I asked a friend of mine, and she said “The root is humanism which basically is the study of humans and human nature. In simple forms that is just an understanding more of how humans behave and what works humane would come from the same root.” Ok. I see. So by being labelled Humanistic I am being humane? Jesus came on earth to experience what it is to be human.

 “I imagine someone is using [the word humanist] to say you are falling into secular humanistic thinking by seeking to help meet people's needs. There really doesn't need to be a divide since God cares about our physical needs since he created them. Usually this charge also comes from someone who is over spiritualizing God's purposes.” So if he meant to call me a secular humanistic thinker does that means I am being too practical with my understanding of my faith? Let's assume her observation is true then: that there are two thinking perspectives.

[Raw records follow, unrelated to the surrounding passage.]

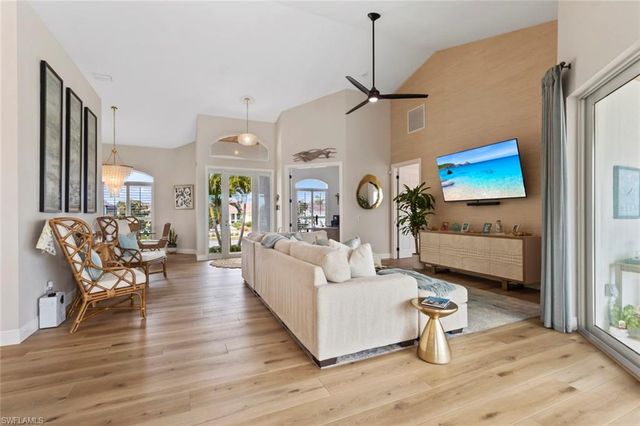 829 Wintergreen CT, Marco Island, FL 34145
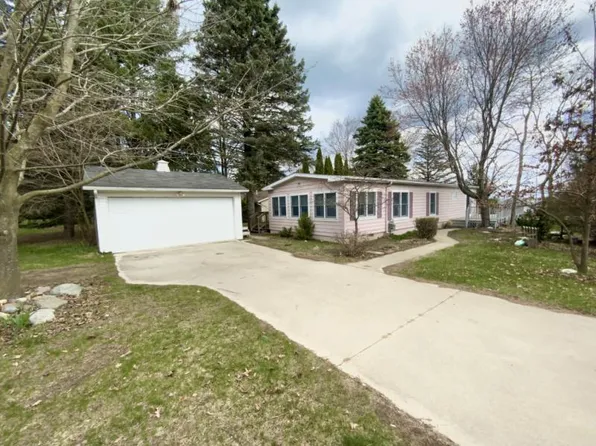 490 S Lake St, Port Sanilac, MI 48469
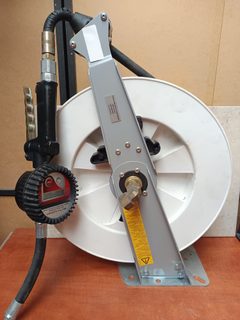 Enrouleur haute pression avec flexible et pistolet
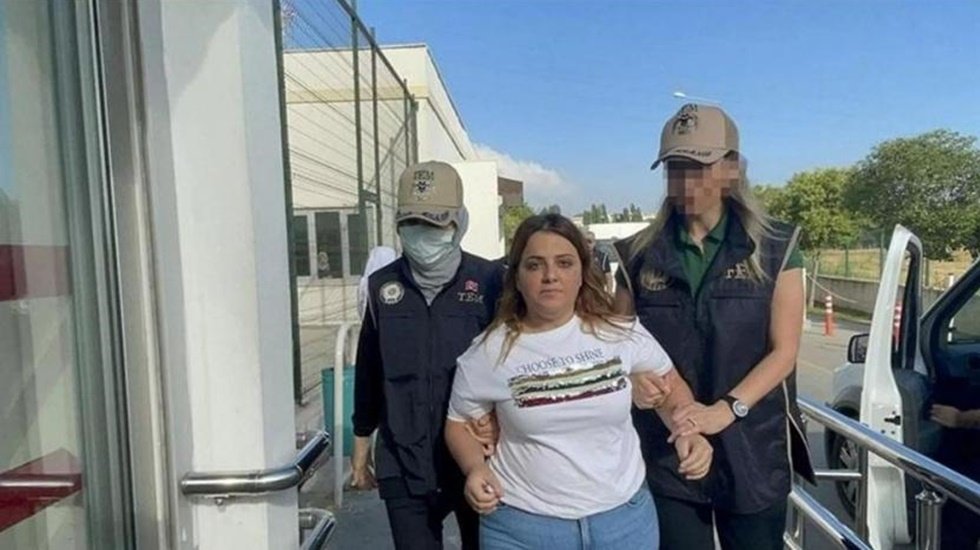 Seyhan Belediyesi Başkan Yardımcısı g&ouml;revden uzaklaştırıldı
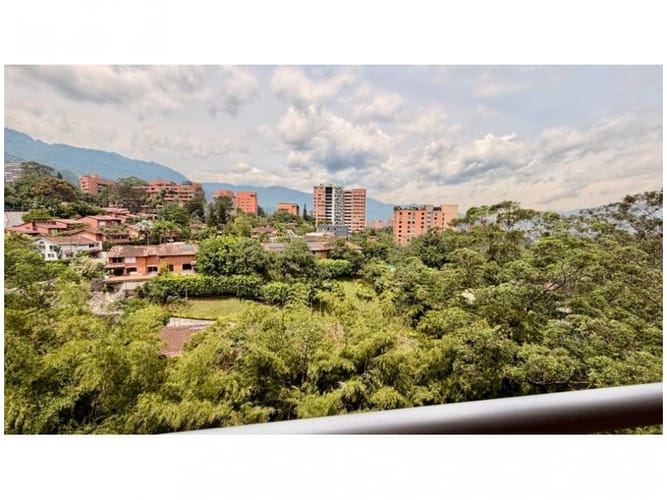 Apartamento de 2 alcobas en venta en San Lucas, Medellín, 107 m² · foto 7 de 24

Let me then try to present a scenario from these two perspectives: a humanistic thinking and a spiritualized thinking. The scenario is meeting with Mahmoud, a refugee from Dehesha camp.

 Spiritualized thinking: I must gain this refugee’s soul to Christ! Now is my chance to offer him the message of salvation!

“Mahmoud, do you know that God loves you? He loves you so much that he sent Jesus to the cross to die for your sins and mine (quote from John 3:16)! He loves you so much that he was willing to carry your sins and die instead of you and me? Do you want to live in a place where there is no hate? No lies? No sin? Believe in Jesus today, and your name will be written in the book of life.”

I have given Mahmoud the message. I challenge you to ask yourself what were your motives?  Do you genuinely care for Mahmoud's life or you were driven by your guilty conscience?  

 Humanistic thinking: I want to try to understand Mahmoud’s life more, and I think if Mahmoud knows Jesus, he would be able to cope better with life’s challenges, and most of all he would have a hope to hang onto.

“Mahmoud, I know that life seems unfair and you have been handed a hard life. I cannot understand how it is to lose your home or land and live in a one-room house. All I know is that life is more than what we possess, and this is why I care about you and I want to be your advocate. What happened to you and your family is not fair, and I want to fight for you in the same way Jesus fought for people’s injustices then. I want to fight for you with love and compassion. I hope you see Christ in me.” 

My heart is heavy for Mahmoud and his family. My journey for him has just begun.

 Let me end by saying a few things for those who have been labelled humanists like myself:

  1. Take it as a complement.
  2. Don’t be discouraged.
  3. If you are being labelled this, then you must be doing something right.
  4. You are not alone. There are many of us, keep your voice loud and you will find people who believe just the same as you do.

 And for those who have labelled others with it. (Though I doubt you have read this far!)

  1. I know that you label them as such so you don’t have to take what they say seriously!
  2. I challenge you to take it seriously!
  3. We have compassion to you too. We believe there is room for you as well -  in God’s endless party in heaven and here!

I am thankful for my brother because he challenges me to think and reconsider my beliefs. I can do that with those who don't share the same beliefs, and not with the ones that agree with me. He makes me a better follower.